On a cool mid-August morning, the fields in Delta Junction showed signs the growing season was coming to a close.

“I spend a lot of time just biting grain this time of year,” said farmer Bryce Wrigley. “It's one of those things you can't help yourself. You take a grain off, bite it just to see how close you're getting.”

He’s savoring the last few days of summer before harvest time. His family has been growing barley for animal feed for 30 years; now they grow it for people, too.

Wrigley wanted to put the grains to good use and started the Alaska Flour Company to provide food security.

“We wanted to do something if there was an emergency then Alaskans would, for a period of time, still have access to flour and cereal and those products until transportation could be reestablished,” he explained.

With the long, sunny days of the interior, Wrigley said “grain crops are kind of a natural fit.”

The sunshine hull-less barley variety he uses was created by the University of Alaska Fairbanks.


At the Mat-Su Experiment Farm outside Palmer, researchers are growing 19 varieties of barley, oats and wheat.

UAF research associate Bob Van Veldhuizen said wheat is especially temperamental.

“If it hits 40 degrees after it emerges then it no longer wants to make a head and you get a big field of grass,” Van Veldhuizen said.

He said they’re constantly figuring out how to grow grains better in Alaska. That’s been a mission since the first experiment station was set up in 1898.

Researcher Bob Van Veldhuizen looks through the test field of grains at the Mat-Su Experiment Farm.

“What we’re trying to do is come up with something that will withstand colder temperatures as well as reach an earlier maturity,” he said.

It takes nearly two decades of cross-breeding trial and error before strains like the sunshine hulless barely are ready to release to farmers.

Sunshine Hulless Barley

Van Veldhuizen said many of the varieties currently growing at the experiment farm are in year seven or eight.

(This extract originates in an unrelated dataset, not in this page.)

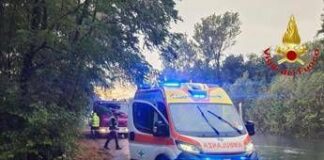 Milano, ondata di maltempo: una donna muore colpita da un albero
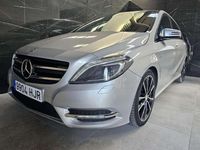 Usado Mercedes B180 Sport Edition 109 CV (80 kW) 2012 Gris Monovolumen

They have to make sure the grains are suitable for Southeast, Southcentral and the Interior and they have to taste good.

“If it makes a lousy bread, it’s not any good,” Van Veldhuizen said.


Back in Delta Junction, barley has become so profitable the Alaska Flour Company is expanding.

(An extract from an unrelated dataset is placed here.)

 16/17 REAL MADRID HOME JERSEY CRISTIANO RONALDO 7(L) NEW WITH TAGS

“Because of the increase in our market share, we've had to double our operations,” explained Milo Wrigley, Bryce’s son and the company’s marketing manager.

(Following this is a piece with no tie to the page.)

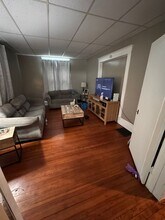 614 Bluemont Ave in Manhattan, KS - Building Photo - Building Photo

Milo said it’s a dream come true to be able to do what he loves in a place he loves.

“For me and my wife to come back here and help out with the family business and for it to support a family that's pretty amazing,” Milo said. “And, for it to happen here in the town I grew up in, a little town in rural Alaska.”

They’ve moved beyond basic barley flour and created ready-made mixes for brownies, cookies and pancakes-- and even barley couscous.

Barley Couscous is one of the products made by the Alaska Flour Company.

“People are resonating with the flavor, the story behind it,” said Milo. “They love the fact it was grown in Alaska.”

It’s a labor of love that feeds the body and the soul.

“It is very much a lifestyle. I tell people, 'you don't farm to make money,'” Bryce said. “You farm because you can't stand not to.”